After locating the line that holds "Manuel Ritz Pants In Blue", copy that line and all that follow it word for word through the end of the data, with no pictures.

START Data under study

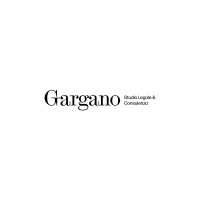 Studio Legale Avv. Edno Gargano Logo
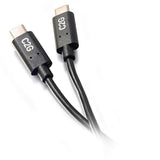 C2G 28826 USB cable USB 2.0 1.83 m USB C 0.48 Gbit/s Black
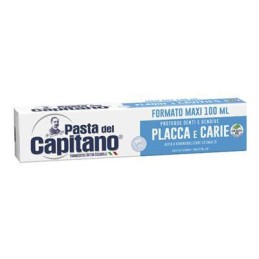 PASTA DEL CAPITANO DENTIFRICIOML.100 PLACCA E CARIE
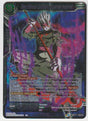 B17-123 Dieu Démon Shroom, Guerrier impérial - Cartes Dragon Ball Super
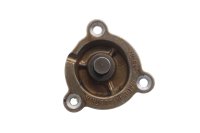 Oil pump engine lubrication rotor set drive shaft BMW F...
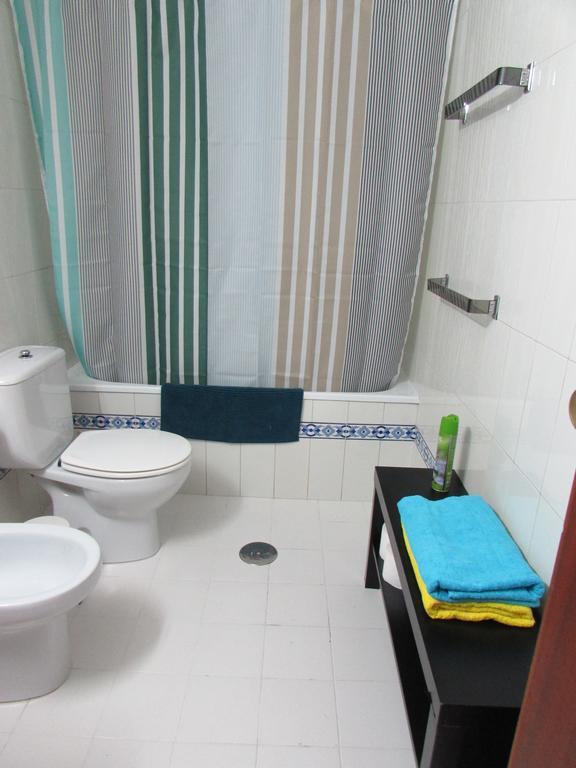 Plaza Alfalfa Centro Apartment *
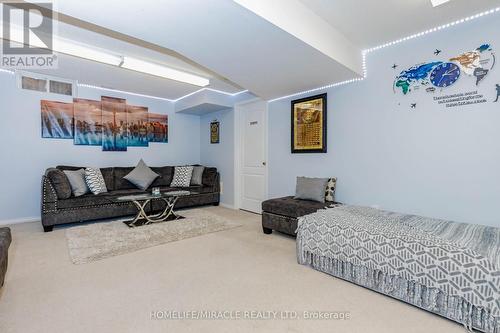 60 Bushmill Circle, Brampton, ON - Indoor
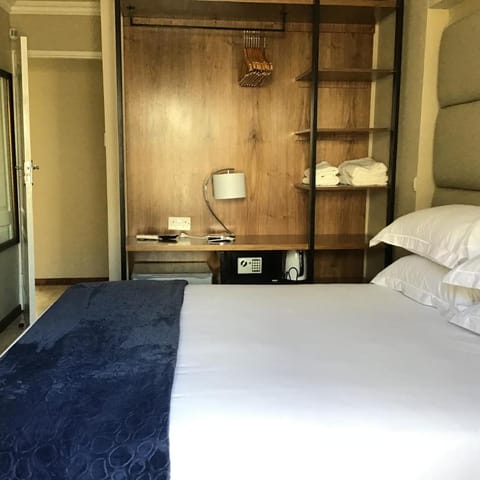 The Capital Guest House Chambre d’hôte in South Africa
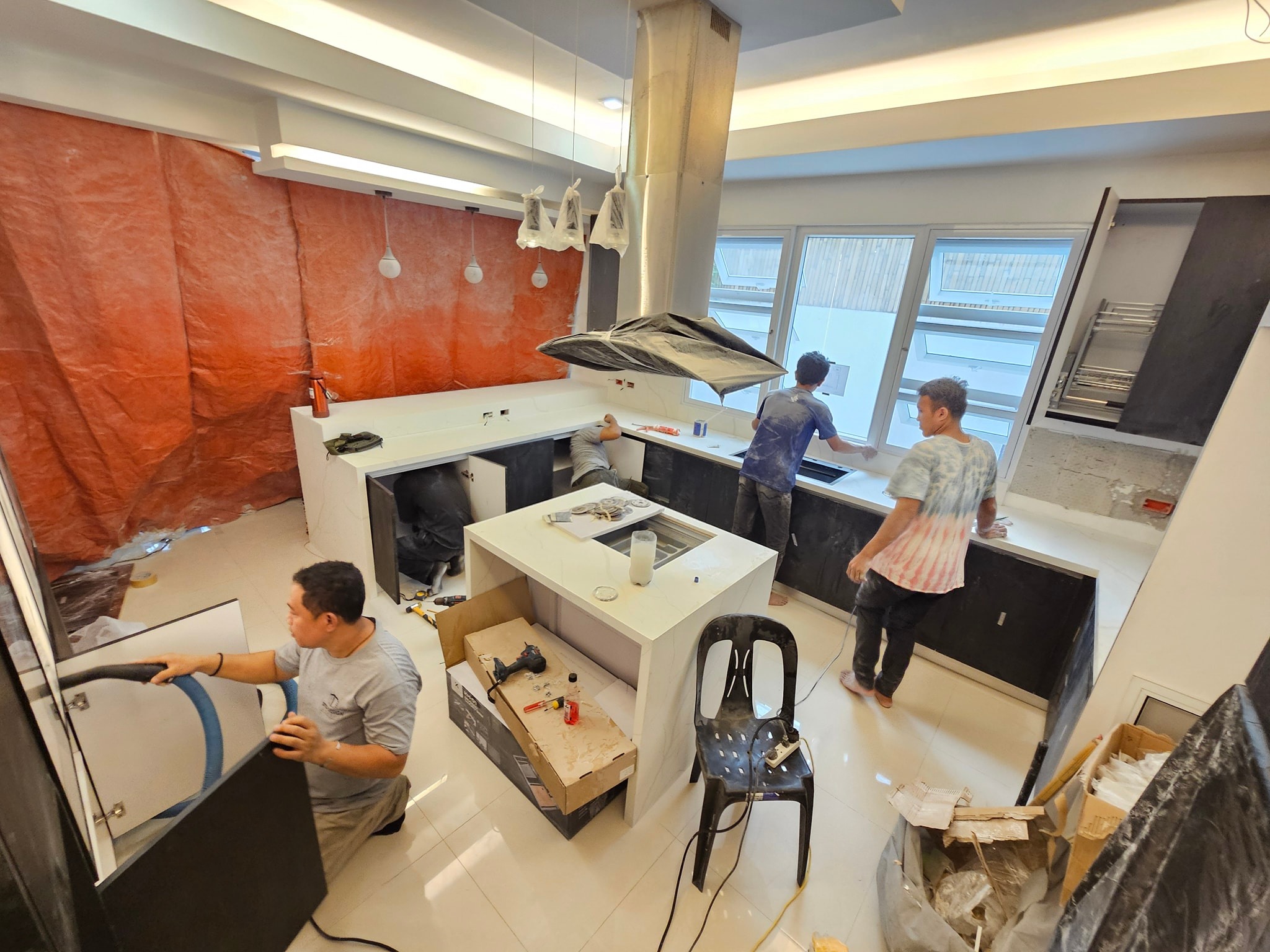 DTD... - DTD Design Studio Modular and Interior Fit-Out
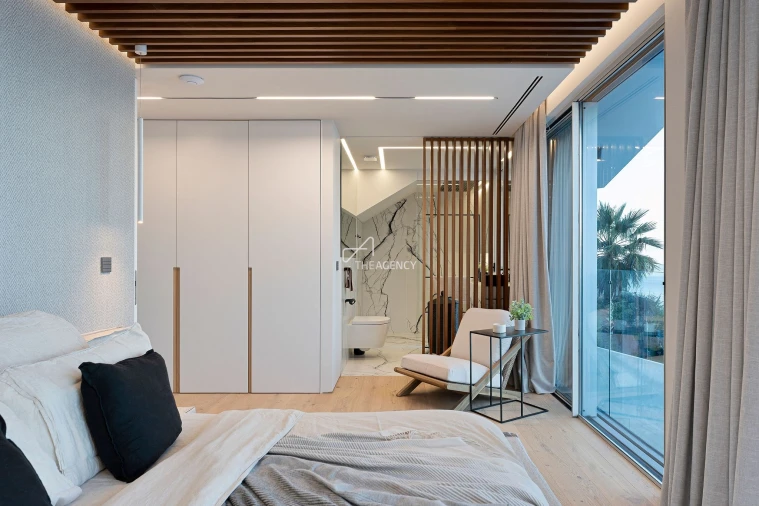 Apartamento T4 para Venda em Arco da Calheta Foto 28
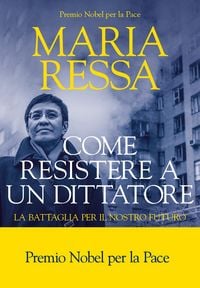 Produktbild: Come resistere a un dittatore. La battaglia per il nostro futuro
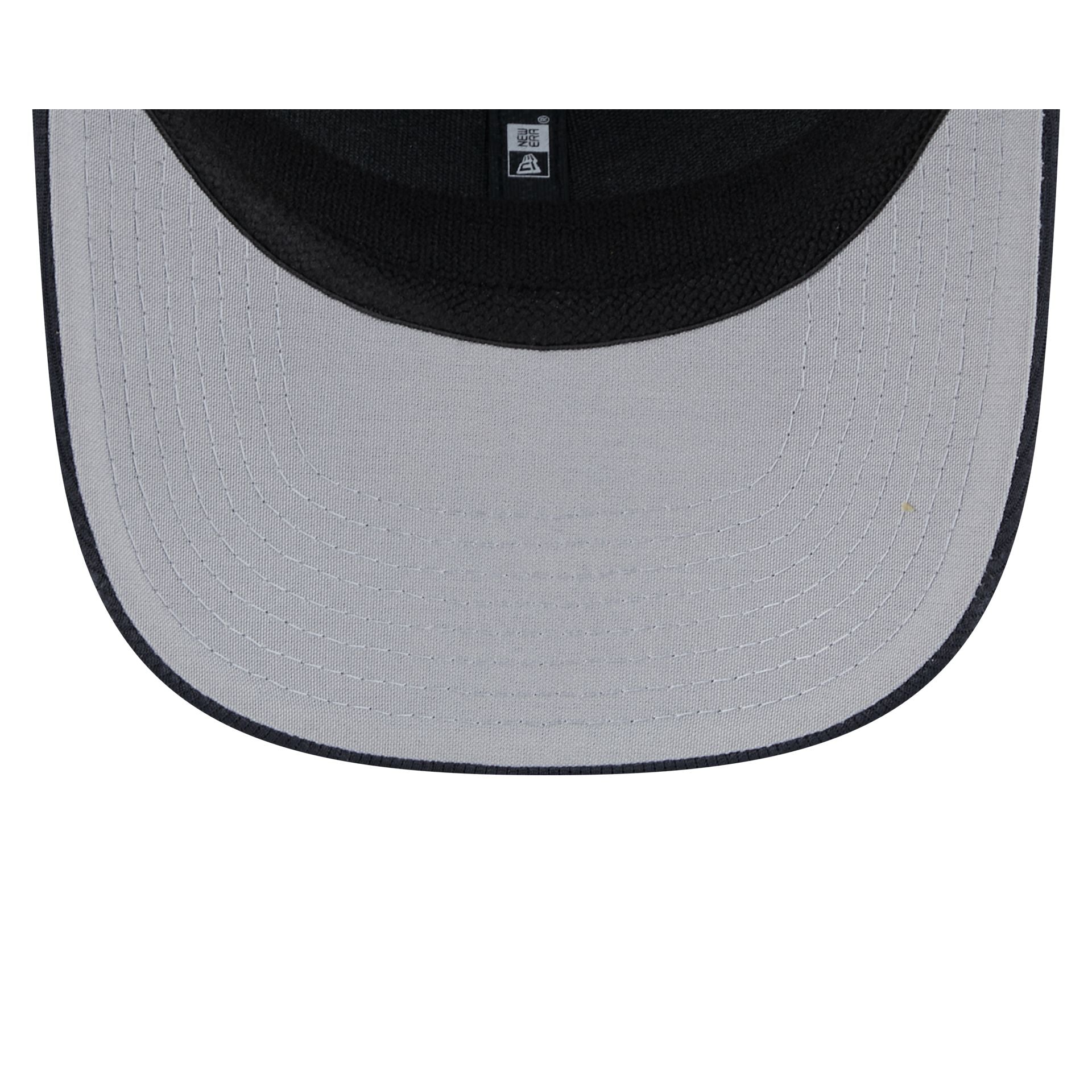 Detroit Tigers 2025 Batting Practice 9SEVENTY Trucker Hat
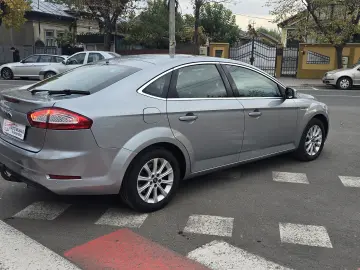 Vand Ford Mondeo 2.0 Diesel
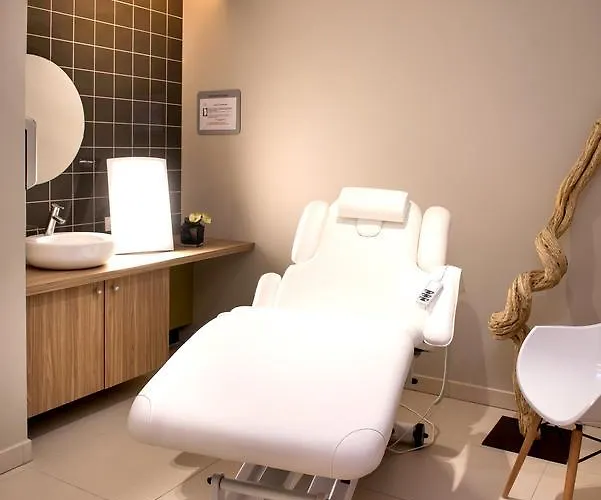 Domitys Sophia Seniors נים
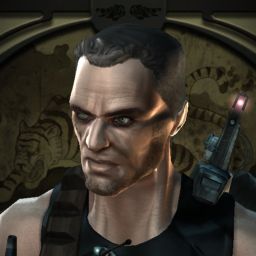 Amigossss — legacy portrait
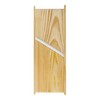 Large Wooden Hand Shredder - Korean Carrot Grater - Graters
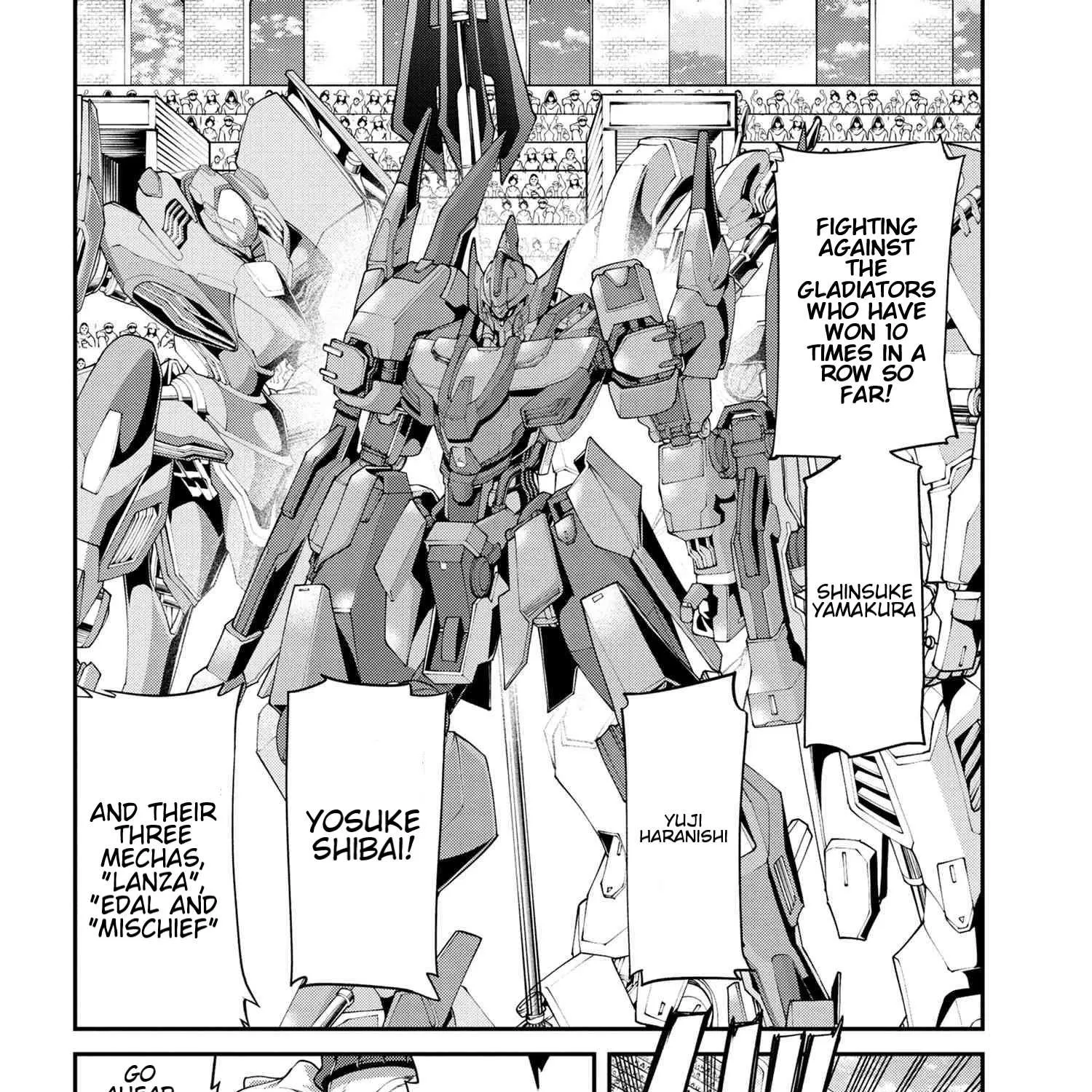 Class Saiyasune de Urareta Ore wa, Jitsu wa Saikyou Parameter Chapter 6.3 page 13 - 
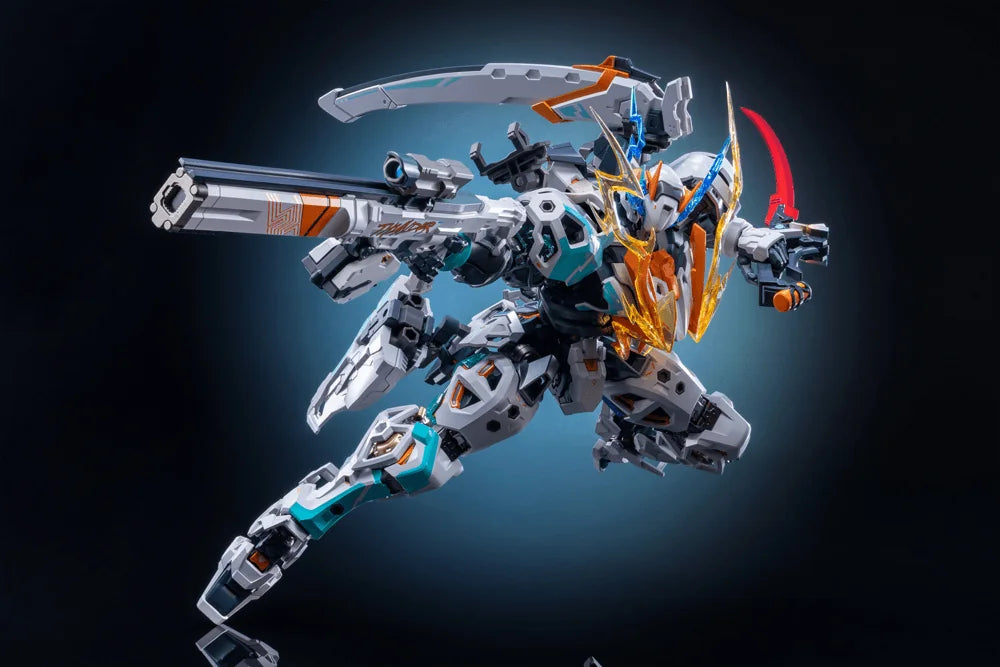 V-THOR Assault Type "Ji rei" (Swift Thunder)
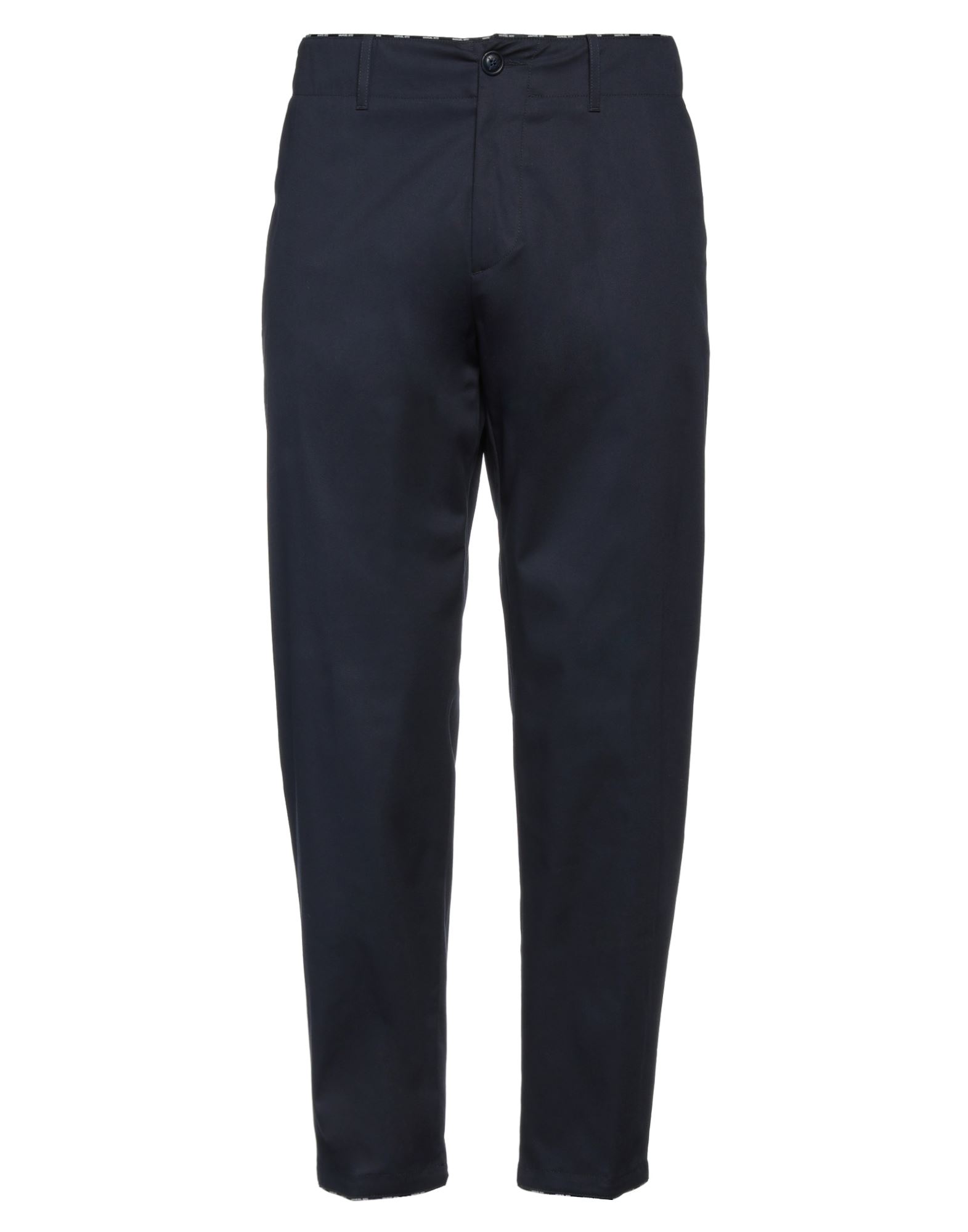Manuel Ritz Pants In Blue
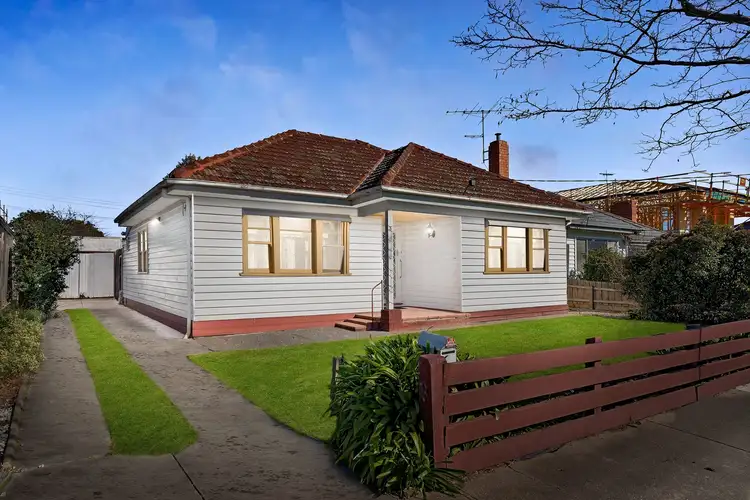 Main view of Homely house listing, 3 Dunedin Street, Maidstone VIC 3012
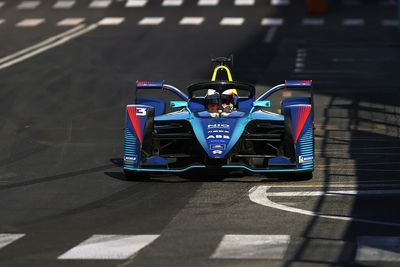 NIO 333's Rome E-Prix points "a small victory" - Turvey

END Data under study

▶ **Response box**:
Manuel Ritz Pants In Blue
 Main view of Homely house listing, 3 Dunedin Street, Maidstone VIC 3012
 NIO 333's Rome E-Prix points "a small victory" - Turvey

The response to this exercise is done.